▶ _WORK REQUIRED_:
Your answer should give again, exactly, the lines from the beginning of the entries below through the line containing "Silverlit DigiBirds II". It must contain no pictures.

▶ _EXTRACTED MATERIAL_:

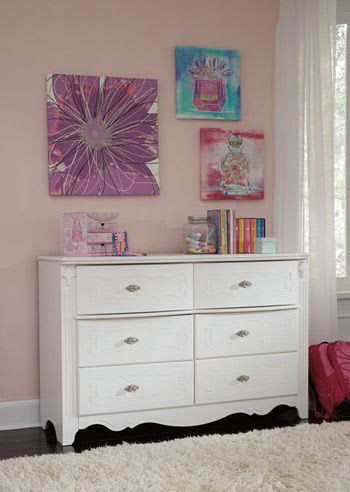 Exquisite - White - Six Drawer Dresser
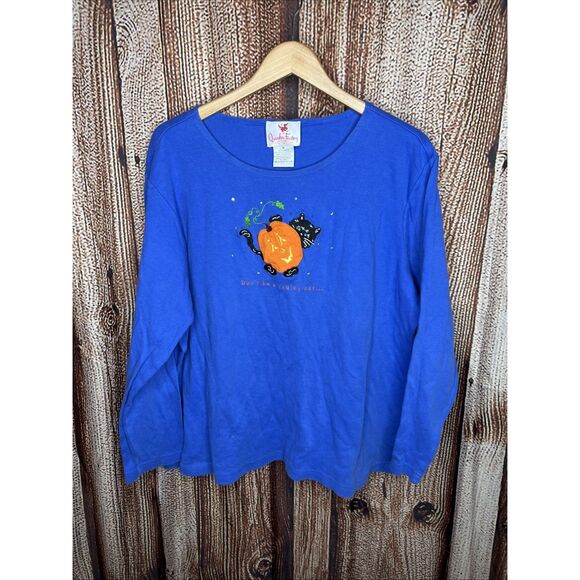 Quacker Factory Black Cat Pumpkin Embroidered Halloween Long Sleeve Shirt 1X - Picture 1 of 3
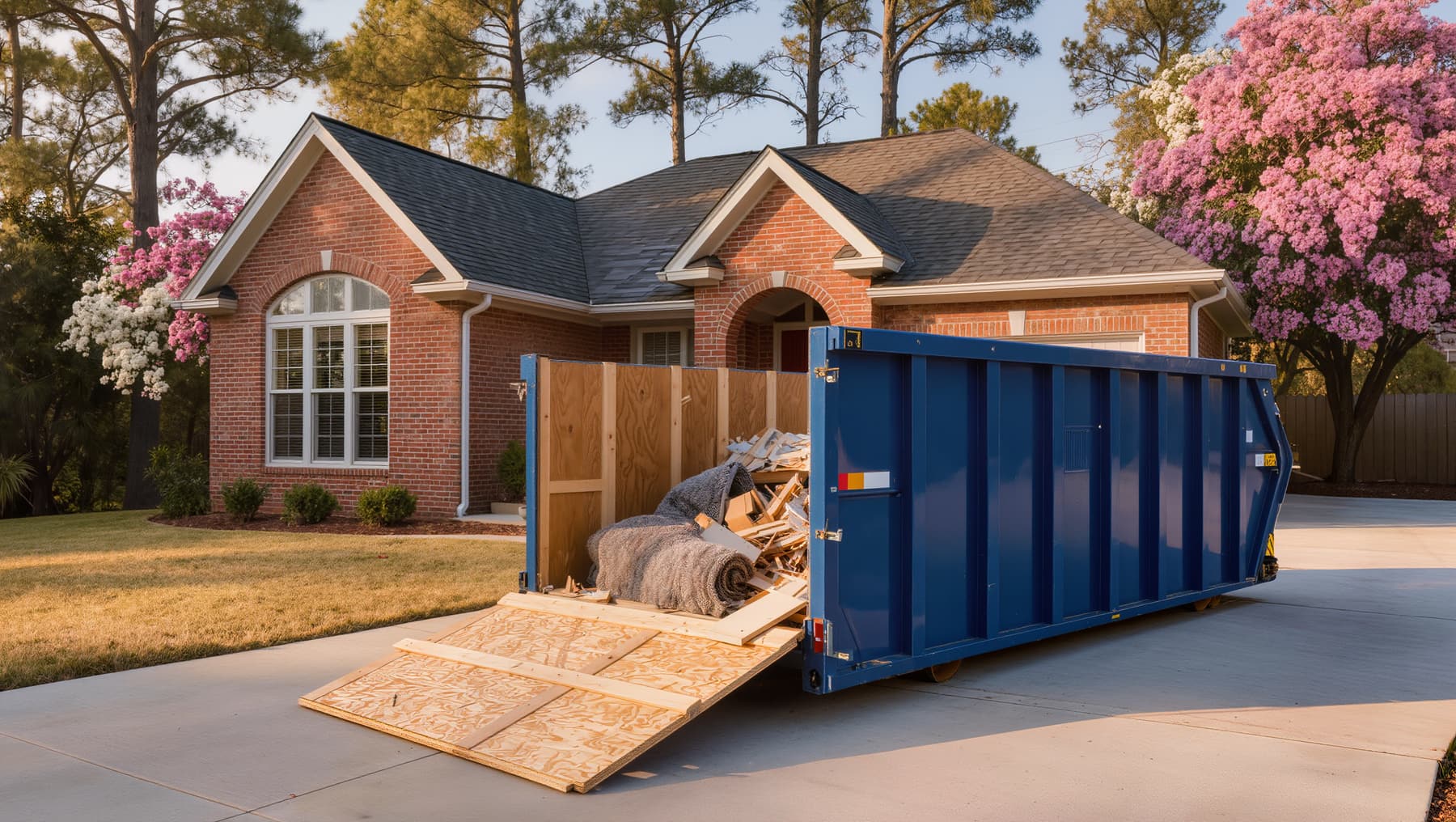Roll-off dumpster on boards in the driveway of a brick ranch house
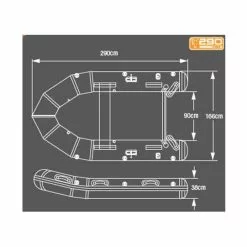 Fox - 290 Green Inflatable Boat 2,90 M - Aluminium Floor - Complete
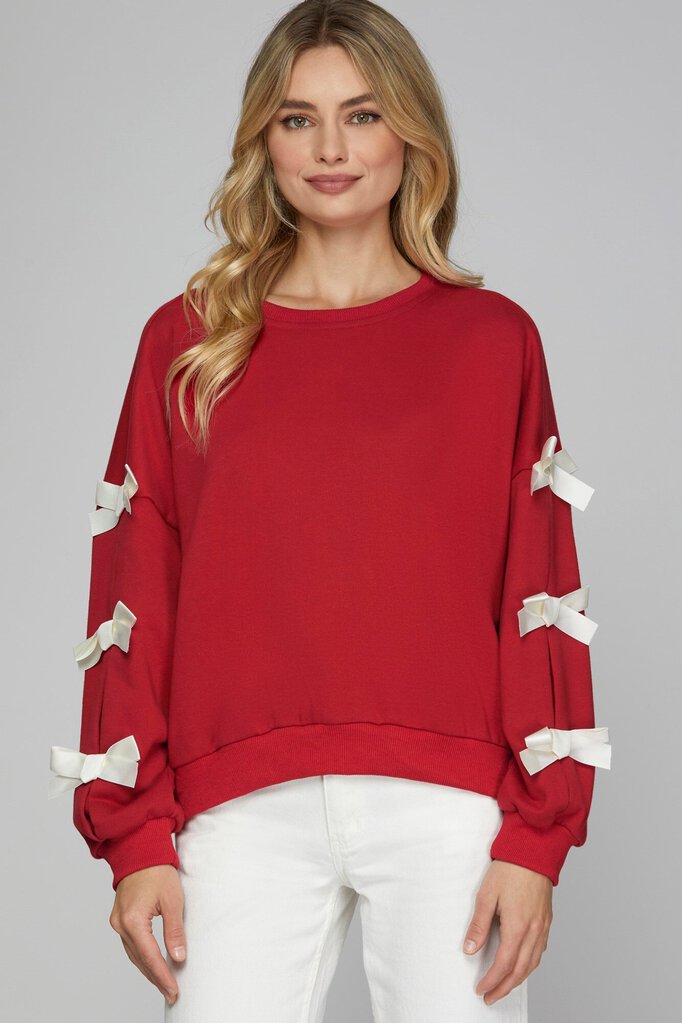 French Terry Sweatshirt with tied ribbon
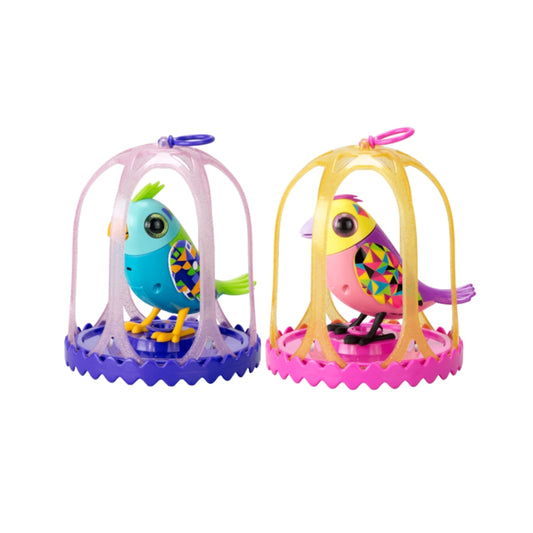 Silverlit DigiBirds II interactive toy bird in a stackable cage for kids ages 3 and up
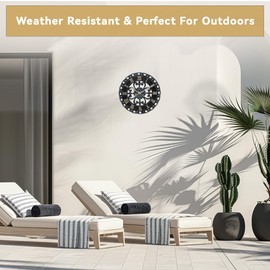 Lily's Home Hanging Verdigris Wall Dial Thermometer, Ideal for Indoor and Outdoor Use, Black (13 Inches)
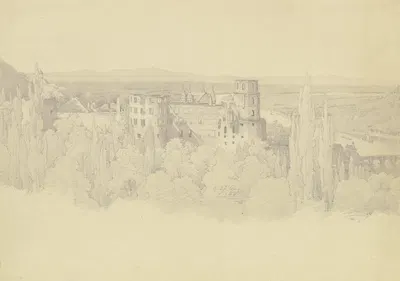 Heidelberg Castle by Christian Heerdt, 1838 — digital art print download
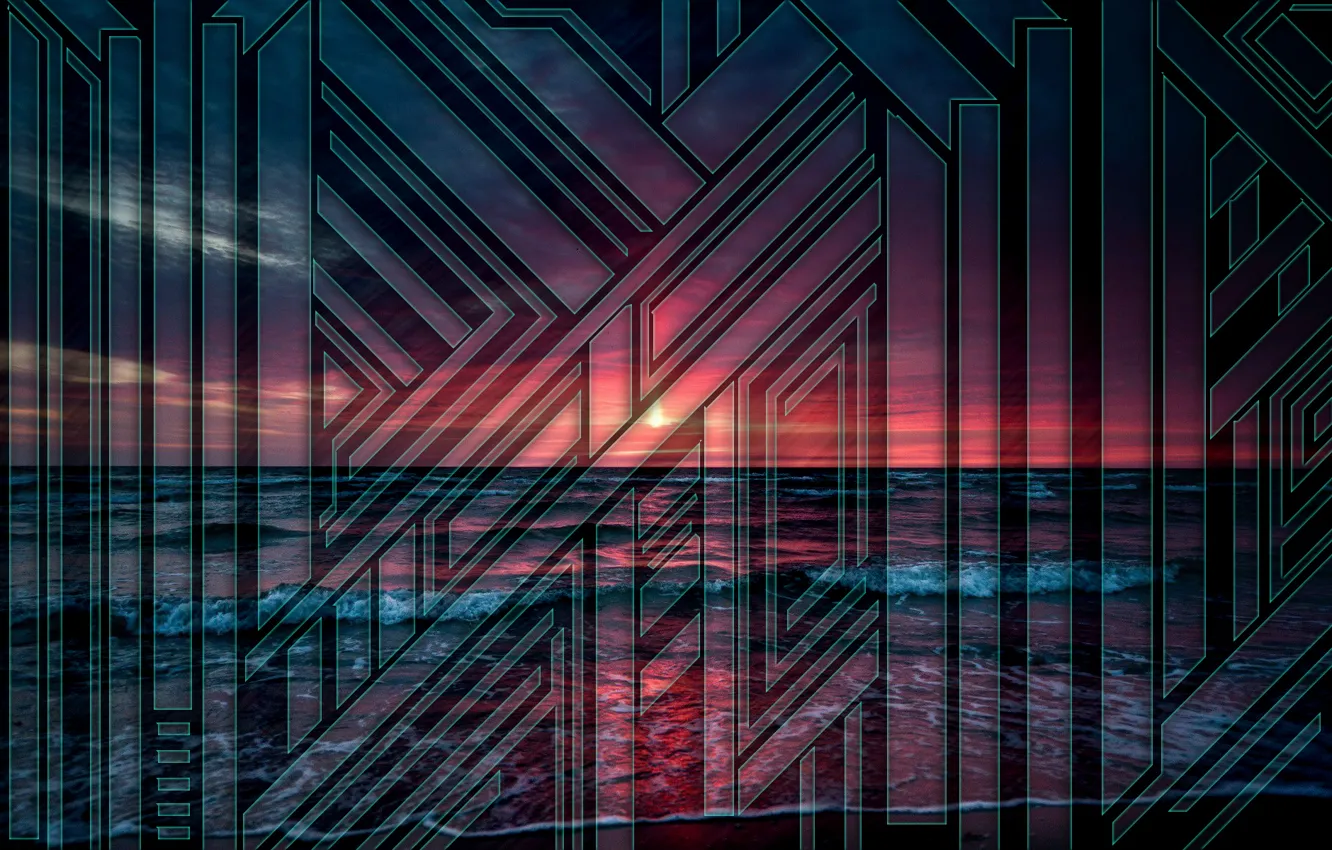 Photo wallpaper sea, wave, the sun, sunset, blue, red, red, sea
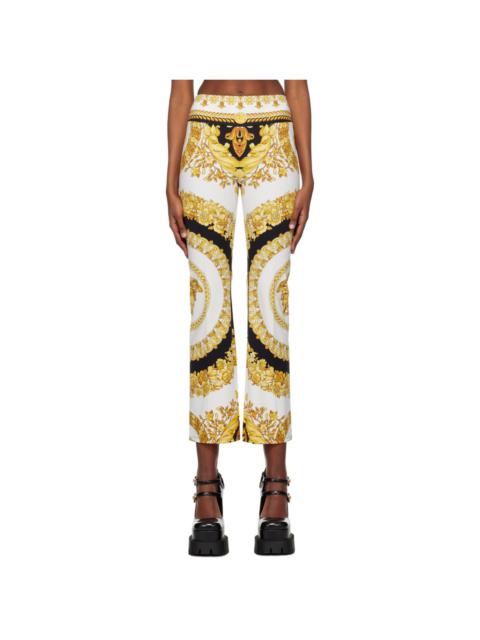 VERSACE White & Gold Barocco Leggings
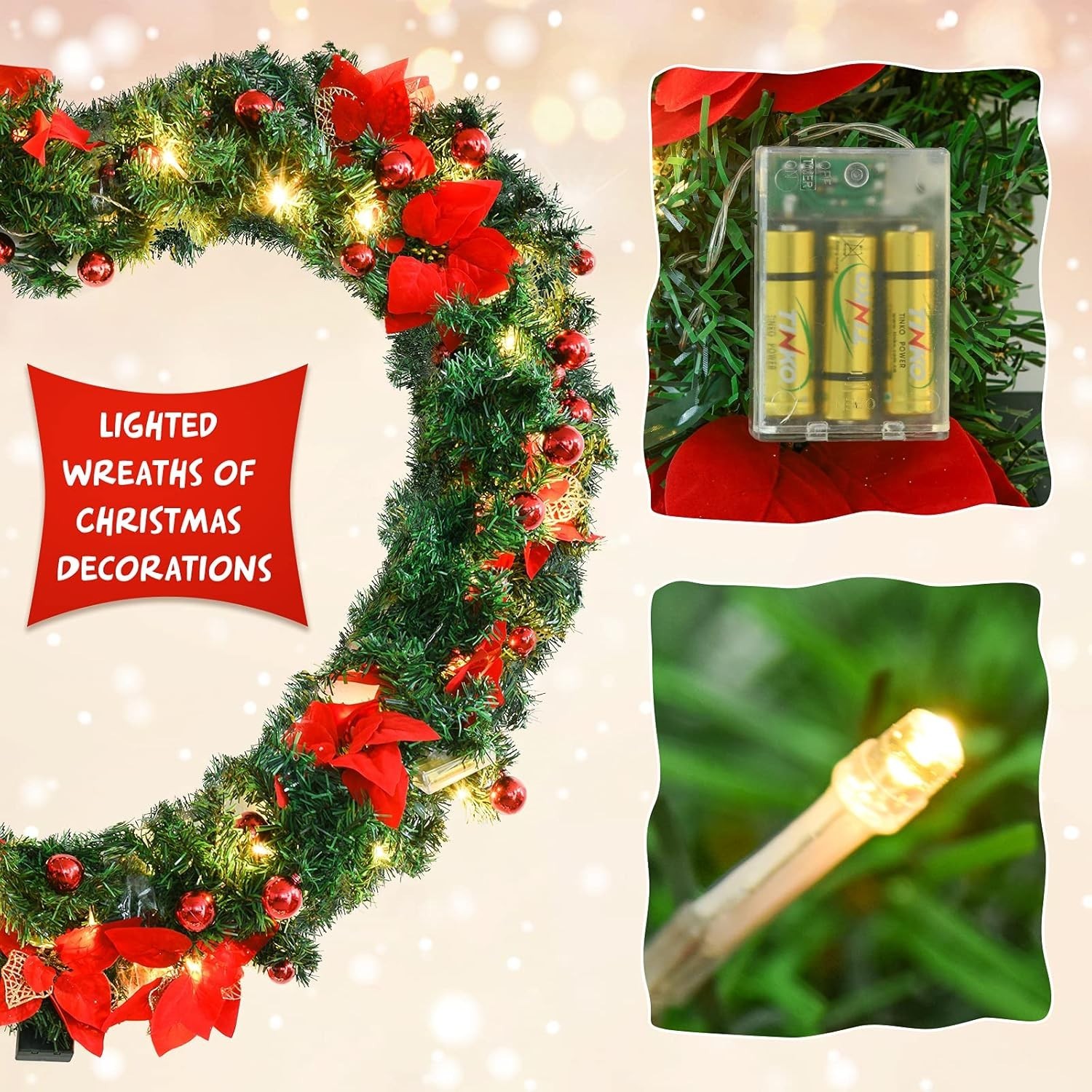 9FT Christmas Garland Decorations Fireplace Stair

▶ _ANSWER SPACE_:
 Exquisite - White - Six Drawer Dresser
 Quacker Factory Black Cat Pumpkin Embroidered Halloween Long Sleeve Shirt 1X - Picture 1 of 3
Roll-off dumpster on boards in the driveway of a brick ranch house
 Fox - 290 Green Inflatable Boat 2,90 M - Aluminium Floor - Complete
 French Terry Sweatshirt with tied ribbon
 Silverlit DigiBirds II interactive toy bird in a stackable cage for kids ages 3 and up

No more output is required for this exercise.